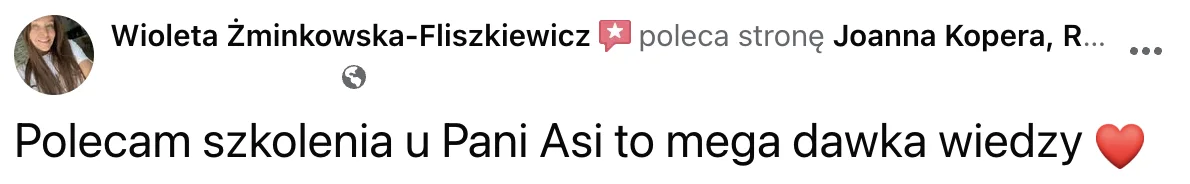 Opinia o szkoleniu lub zabiegu u Joanny Kopery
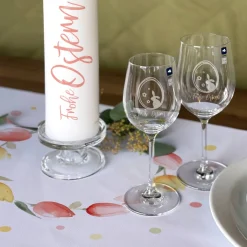 Tischläufer mit Osterhasen und Wunschtext in 2 Größen verfügbar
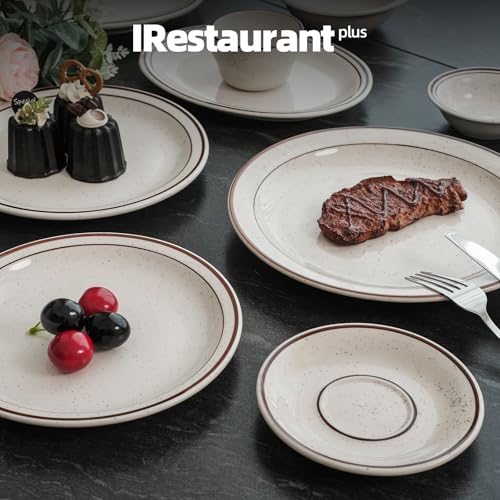 Stoneware Narrow Rim Commercial Grade Dinnerware Brown Speckle, Plate 9", Case of 24 - color: Brown Speckle, size: Plate 9"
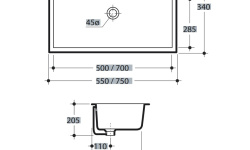 KERASAN SLIM Раковина встраиваемая под столешницу 750x340 мм в комплекте с крепежом, белый мини 3 2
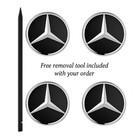 4PCS Set  Mercedes Benz Matte Black & Chrome 75MM Wheel Rim Center Hub Caps
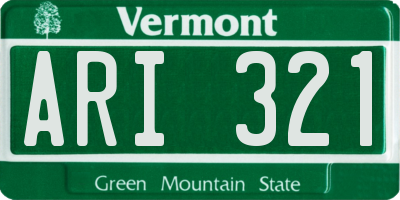 VT license plate ARI321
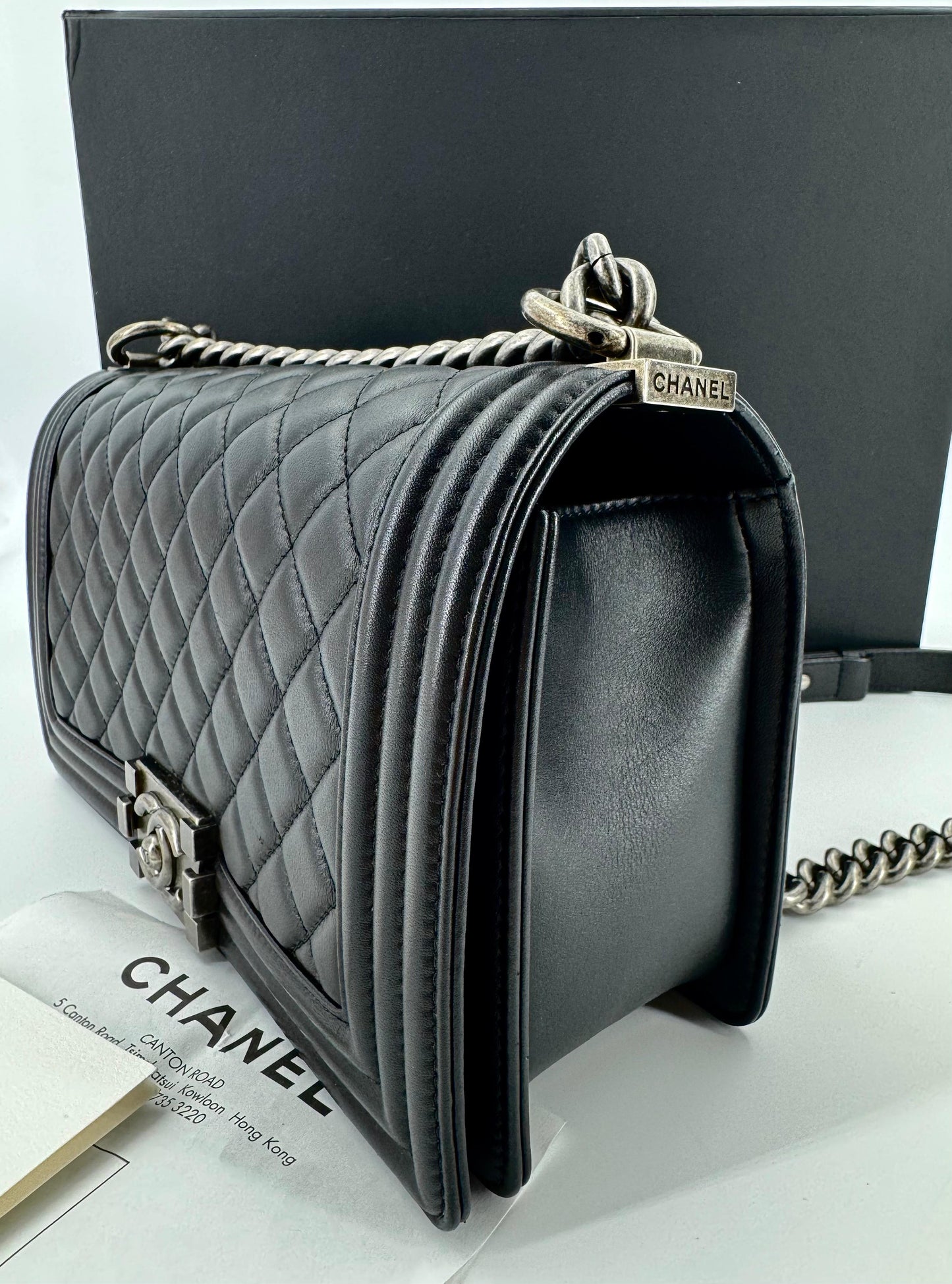 Chanel Boy black leather bag silver hardware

EXERCISE AIM: What is needed is an exact copy of the lines from the one with "Tischläufer mit Osterhasen" through the end of the data above, both included, minus any pictures.

SOLUTION TO THIS EXERCISE:
 Tischläufer mit Osterhasen und Wunschtext in 2 Größen verfügbar
 Stoneware Narrow Rim Commercial Grade Dinnerware Brown Speckle, Plate 9", Case of 24 - color: Brown Speckle, size: Plate 9"
 KERASAN SLIM Раковина встраиваемая под столешницу 750x340 мм в комплекте с крепежом, белый мини 3 2
 4PCS Set  Mercedes Benz Matte Black & Chrome 75MM Wheel Rim Center Hub Caps
 VT license plate ARI321
 Chanel Boy black leather bag silver hardware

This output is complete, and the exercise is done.